I have a very fussy eater. He eats beige, dry food and not a lot else. I've stopped battling, I rarely won the battles anyway and it just led to us all being upset and stressed. I make mainly things I know he likes, then put little extras on a side plate. If he eats them, I smile. If he doesn't then nothing. I will not let food become a big deal. I'm also working on him calmly saying 'no thank you' instead of freaking out and screaming when someone offers him something to eat. It's baby steps but at 2 1/2 I feel like eating is getting easier and is no longer a stressful battle, even if he still doesn't eat much.

SweepTheHalls · 03/07/2017 21:37

She just gets a portion of what the whole family is eating. Take it or leave it! DD is 18 months. Cake

buckyou · 03/07/2017 21:58

My DD is on and off a bit fussy but is going through a good eating phase at the moment.

I just offer up a meal I think she likes with a variety of things. If she eats it she eats it and if she doesn't she doesn't. No big deal. I still offer her fruit or whatever after.

BubblesBuddy · 03/07/2017 22:15

I had a "no eater" until 18 months. Just a tiny bit of pasta and a slice of banana if we were lucky. Just lots of milk. DD was even discussed as a case study at a Health Visitors' Conference which came up with nothing helpful!
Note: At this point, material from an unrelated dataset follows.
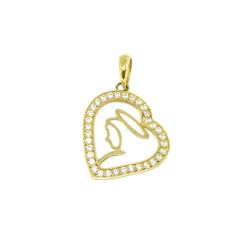 Pingente Cora��o de Maria com Zirc�nia em Ouro 18 Kilates - 25045
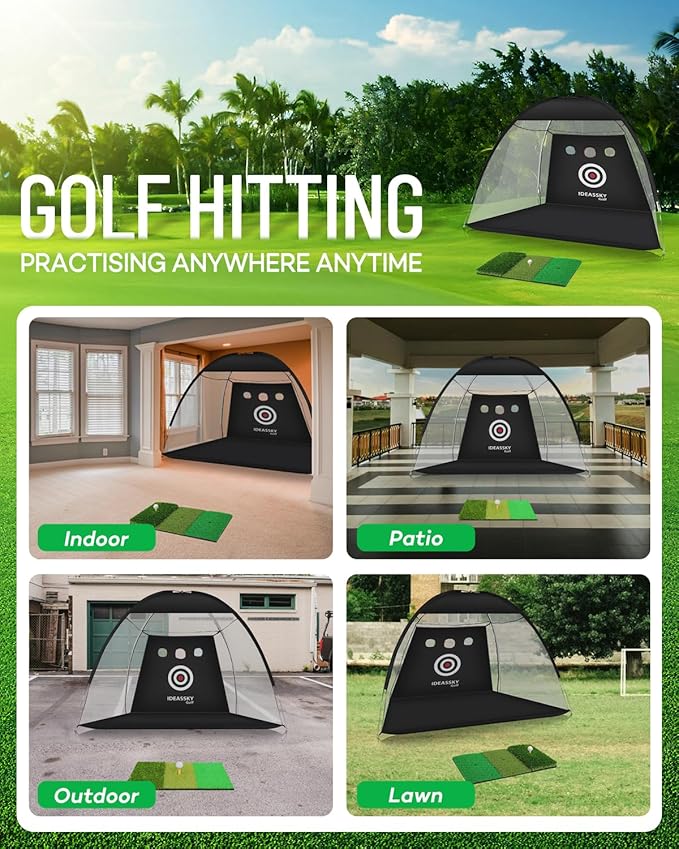 Golf Net with Practice Mat,Golf Hitting Aid Nets 10x7FT for Backyard Driving Chipping Training Swing with Target Mat Balls for Outdoor Indoor,Gifts for Men Dad and Golfer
What did the trick was sending DD to nursery 3 days a week and staying for lunch. She started to eat and at 20 months, at her second Christmas dinner, she asked for "more". Eating with others worked wonders. I can see that is not possible for everyone but it took stress away and we made huge progress. She ate well after that with no regression to ultra fussiness.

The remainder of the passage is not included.